Take the line that contains "Vista 21 de" and each line after it to the end of the material below, and return them exactly, minus the pictures.

- **Data**:
------------------------------------------------------------

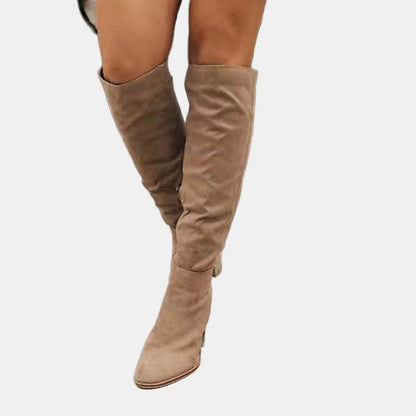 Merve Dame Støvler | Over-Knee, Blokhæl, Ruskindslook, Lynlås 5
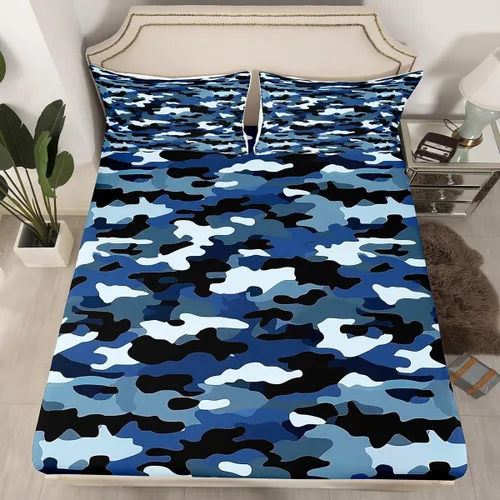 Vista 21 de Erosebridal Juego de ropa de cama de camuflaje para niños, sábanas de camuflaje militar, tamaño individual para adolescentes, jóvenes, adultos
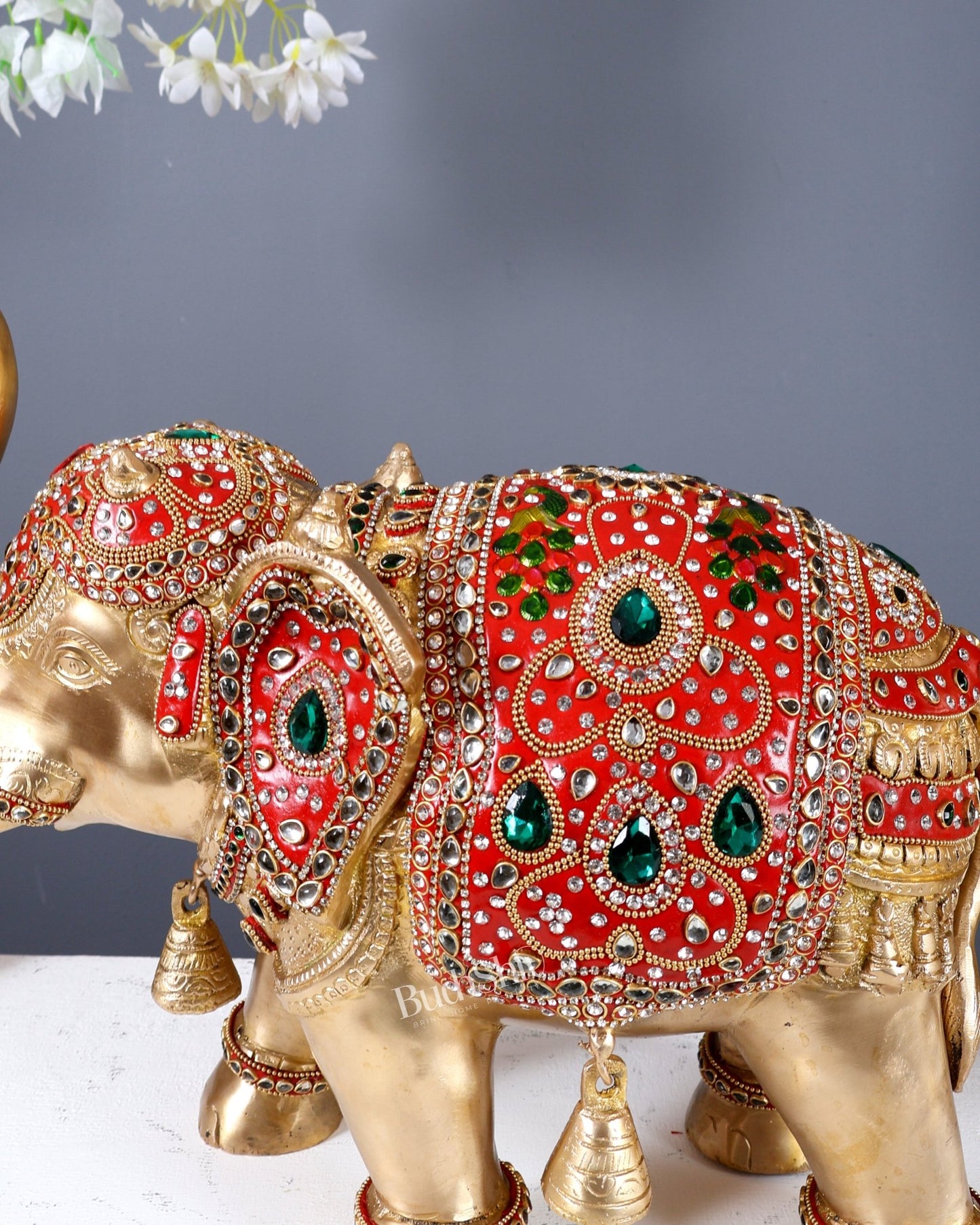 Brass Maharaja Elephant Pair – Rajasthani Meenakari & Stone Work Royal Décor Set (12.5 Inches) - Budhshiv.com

------------------------------------------------------------

- **Finished exercise**:
 Vista 21 de Erosebridal Juego de ropa de cama de camuflaje para niños, sábanas de camuflaje militar, tamaño individual para adolescentes, jóvenes, adultos
 Brass Maharaja Elephant Pair – Rajasthani Meenakari & Stone Work Royal Décor Set (12.5 Inches) - Budhshiv.com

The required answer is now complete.